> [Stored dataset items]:
---

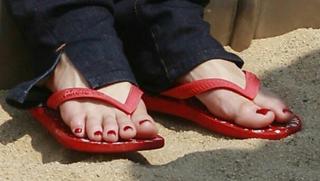Gwen Stefani feet photo thumbnail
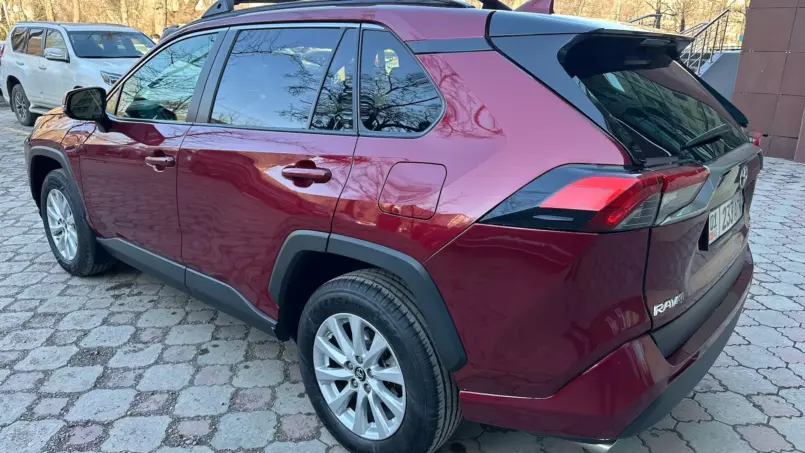 Toyota RAV4 2019 — фото 3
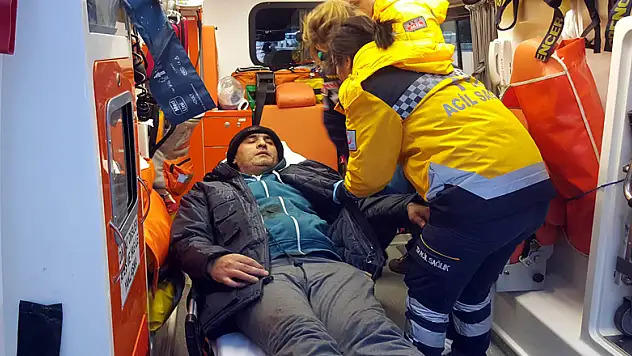 Bıçaklanan kaptanı sahil güvenlik kurtardı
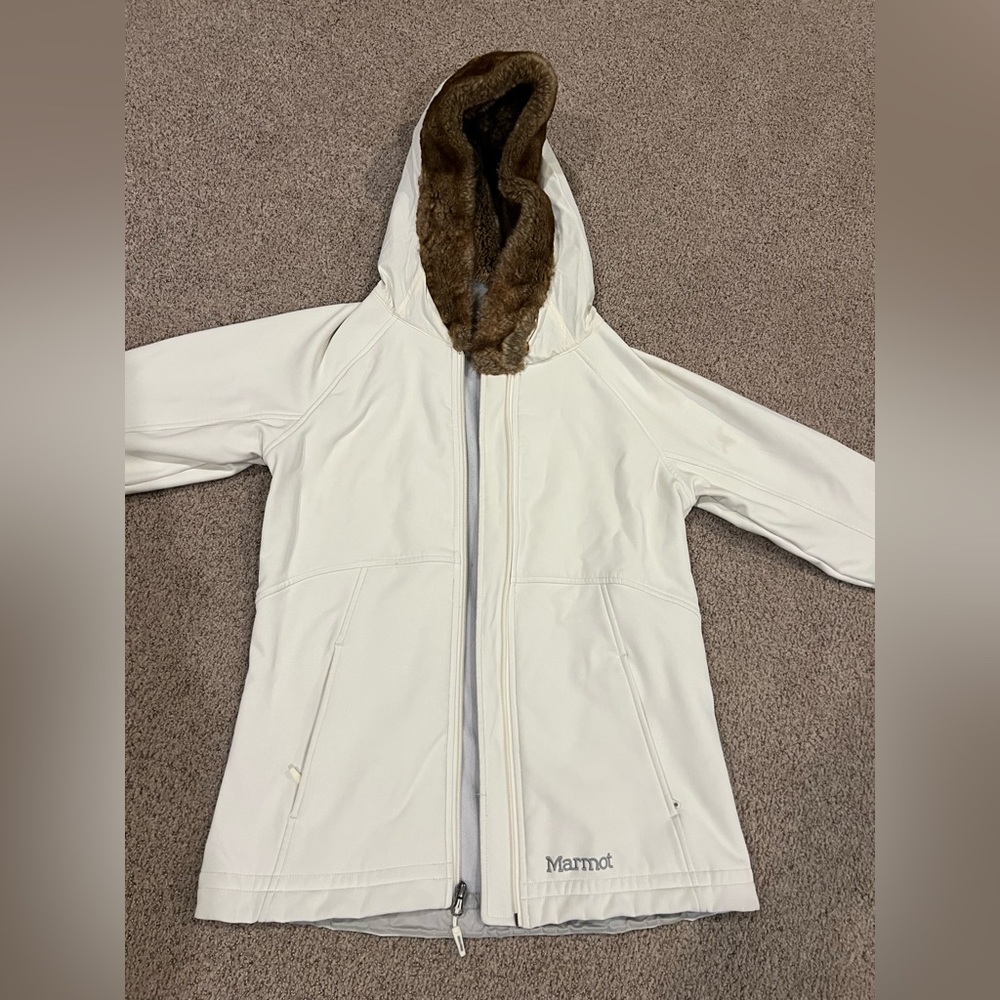 Marmot Women's Cream Ski Jacket with Faux Fur Trim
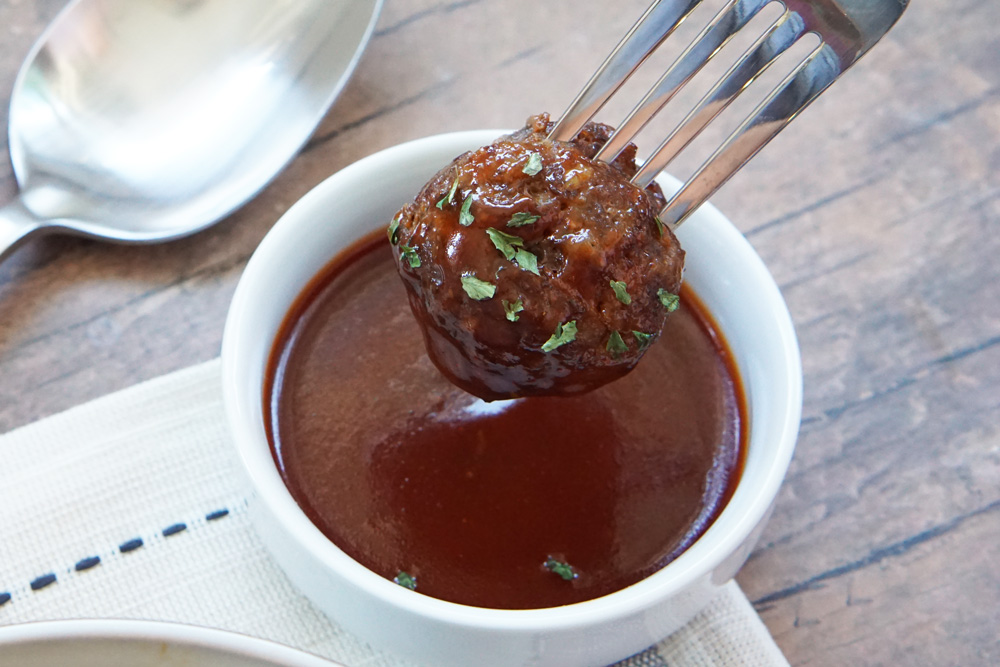 Honey sriracha meatballs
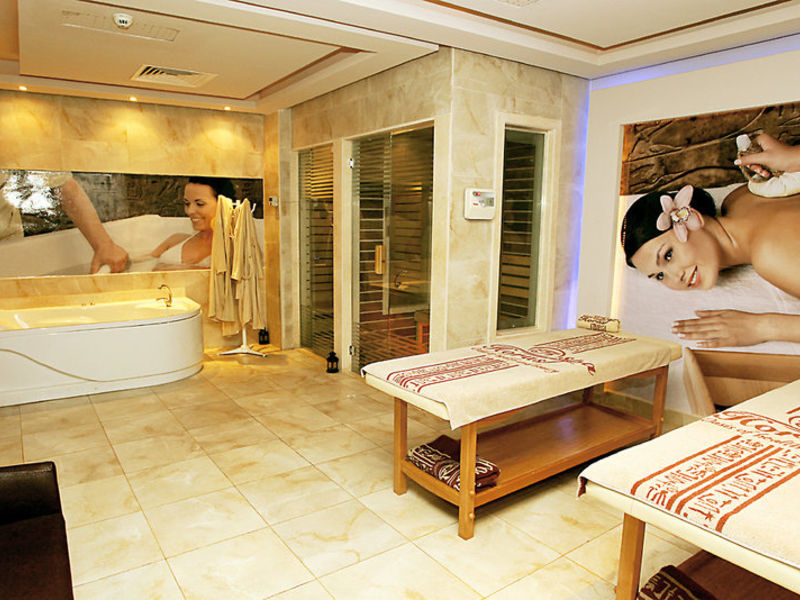 SUNRISE Garden Beach Resort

---

> [PROMPT]: Retype the data in full. Images do not go in the copy.

> [OUTPUT FOR THIS TASK]:
Gwen Stefani feet photo thumbnail
 Toyota RAV4 2019 — фото 3
 Bıçaklanan kaptanı sahil güvenlik kurtardı
 Marmot Women's Cream Ski Jacket with Faux Fur Trim
 Honey sriracha meatballs
 SUNRISE Garden Beach Resort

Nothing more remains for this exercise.